One workforce model gaining renewed attention is the Community Health Worker (CHW).

Often rooted in the communities they serve, CHWs act as navigators, educators, and advocates for patients navigating complex healthcare systems.

During the roundtable discussion, one leader described CHWs as “force multipliers” for care management teams.

Their value comes from several unique capabilities:

  • Cultural and community familiarity
  • Ability to build trust with hard-to-reach populations
  • Flexibility to meet patients where they are
  • Support for both clinical and social needs

Many organizations now use variations of the role under different titles—patient navigator, care navigator, outreach specialist—but the underlying function remains the same: human bridges of system gaps.

In a healthcare environment increasingly focused on digital transformation, the CHW model serves as a reminder that some of the most effective solutions are also the most human.

The Future of Transitions of Care: Technology + Human Expertise

Artificial intelligence and advanced analytics will undoubtedly play a growing role in care management. Predictive models can identify high-risk patients earlier; automation can streamline documentation and outreach, and digital tools can extend the reach of care teams.

But there is an important reality:

Technology works best when it amplifies human care. Not when it tries to replace it.

The organizations that succeed in improving transitions of care will likely be those that focus on both:

  • Smart infrastructure
  • The right workforce to operationalize it

Without the second piece, the first won’t deliver its full value.

Building a Workforce to Improve Transitions of Care

At Medix, we see this dynamic every day through the organizations we partner with. Technology platforms are essential, but outcomes ultimately depend on the people implementing the care plan, engaging patients, and coordinating across systems.
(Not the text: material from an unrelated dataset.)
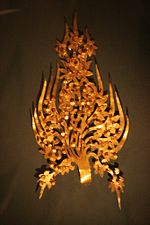 One of the two gold diadem ornaments worn by the Baekje King Muryeong of Baekje.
We’ve seen this play out in real-world environments. The right care management staffing model can directly impact coordination, engagement, and outcomes.

That’s why many healthcare organizations are investing in roles such as:

  • Care Managers
  • Community Health Workers
  • Care Navigators
  • Patient Engagement Specialists
  • Care Coordinators
  • Peer Support Workers
  • Patient Advocates

When these professionals are equipped with the right tools and training, they become the bridge between technology and patient outcomes.
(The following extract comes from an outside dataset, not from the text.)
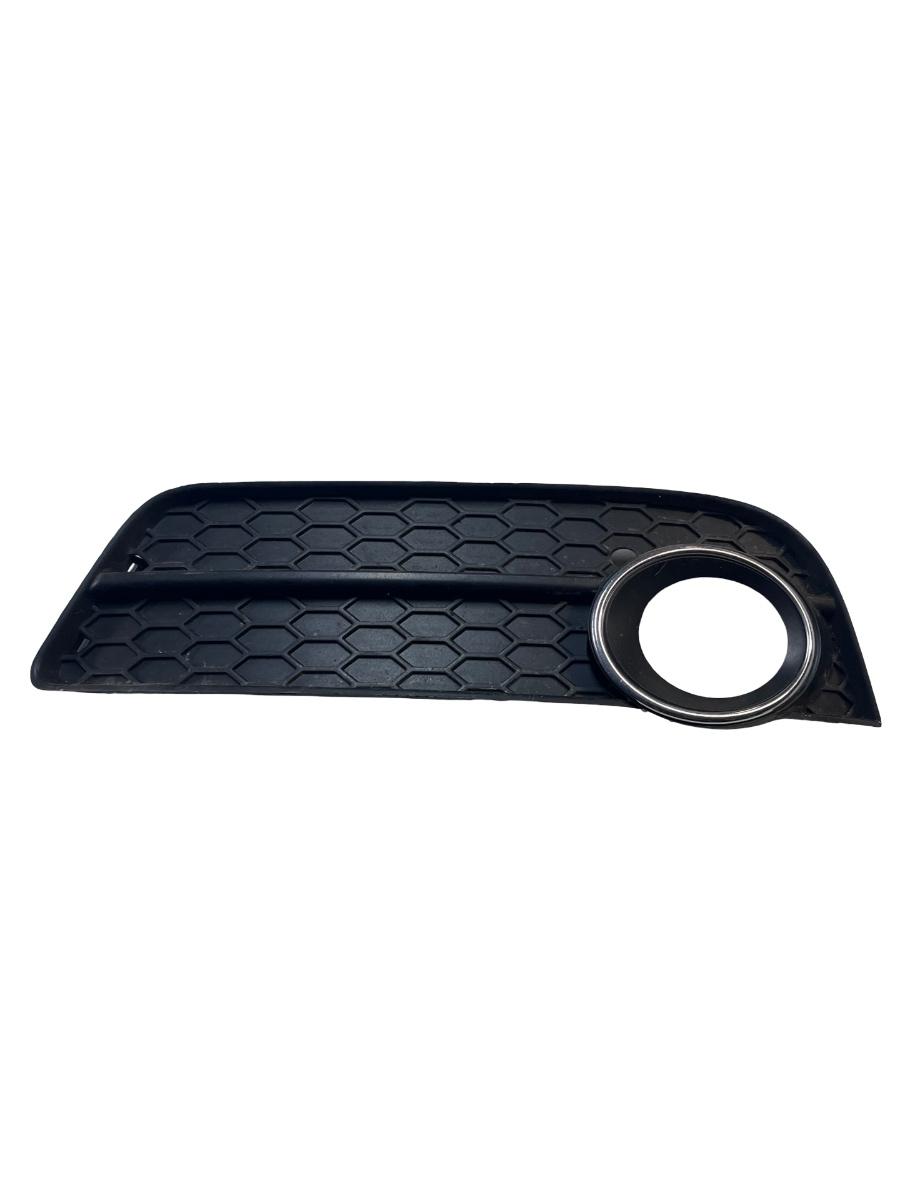 Grila proiector de ceata dreapta fata AUDI A5/S5 8T3 2007 - 2017 8T0807682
And during critical moments, like transitions of care, that bridge can make all the difference.


This conversation is part of an ongoing series exploring the future of care management, including workforce development, patient engagement strategies, and the evolving role of technology in care coordination.

For organizations looking to strengthen care coordination and improve transitions of care, Medix supports care management teams with the experience needed to drive meaningful patient engagement.

Frequently Asked Questions About Transitions of Care

Transitions of care refer to the movement of patients between healthcare settings, such as from hospital to home, rehabilitation facilities, or outpatient care. These transitions require clear communication, coordination, and patient engagement to ensure continuity of care.

Effective transitions of care help reduce hospital readmissions, prevent medical errors, and improve patient outcomes. Poorly managed transitions can lead to gaps in care, medication issues, and increased healthcare costs.

Common challenges include fragmented healthcare systems, limited data sharing, low patient engagement, and lack of trust. Social determinants of health and access to technology can also impact outcomes.

Improving care coordination requires a combination of technology and human support. Strategies include timely follow-up, clear communication between providers, and deploying care managers or community health workers to guide patients through the process.

Community health workers help bridge gaps between patients and the healthcare system. They build trust, provide education, and support patients in navigating both clinical and social needs—especially in underserved populations.

Technology can enhance care transitions by enabling better data sharing, risk identification, and communication. However, it is most effective when paired with human engagement to ensure patients understand and follow their care plans.